Secretary of State Mike Pompeo reversed US policy on Israeli settlements on Palestinian land. While long considered illegal in international law, Pompeo has declared them “legal,” citing the need to “advance peace.” On today’s Ron Paul Liberty Report:

Reprinted from The Ron Paul Institute for Peace & Prosperity.

Trump’s Latest Gift to Israeli Hard-Liners

Originally appeared at The American Conservative.

The Trump administration is about to hand Israel another gift in support of its illegal occupation:

Secretary of State Mike Pompeo is expected to announce on Monday that the U.S. is softening its position on Israeli settlements in the occupied West Bank, the latest in a series of Trump administration moves that weaken Palestinian claims to statehood.

Pompeo plans to repudiate a 1978 State Department legal opinion that held that civilian settlements in the occupied territories are “inconsistent with international law.” The move will likely anger Palestinians and put the US at odds with other nations working to end the conflict.

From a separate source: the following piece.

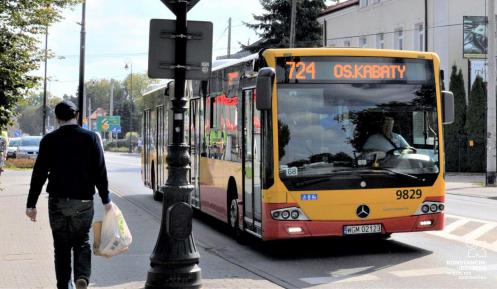 Ulica, po której jedzie czerwono-pomarańczowy autobus komunikacji miejskiej. Nad jego przednią szybą wyświetla się napis: 724 Metro Kabaty.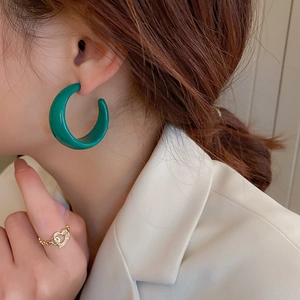 Close-up of a model wearing glossy green C-shaped hoop earrings and a gold heart ring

The administration has repeatedly shown its contempt for international law, and this is just the latest example of that. This is part and parcel of the administration’s ongoing normalization of illegal Israeli occupation. We saw the same thing with the decision to recognize the annexation of the Golan Heights. This is likely a prelude to recognizing any further annexations of occupied territory in the West Bank. Treating illegal settlements as if they are acceptable is one more reversal of longstanding US policy, and it is an obvious sop to hard-line pro-settler Israelis and their allies here in the US:

The shift is a victory for Netanyahu, a longtime booster of the settlements, and had been strongly supported by US Ambassador to Israel David Friedman and big Trump donor Sheldon Adelson. Friedman was a major fundraiser for the settlements before becoming ambassador.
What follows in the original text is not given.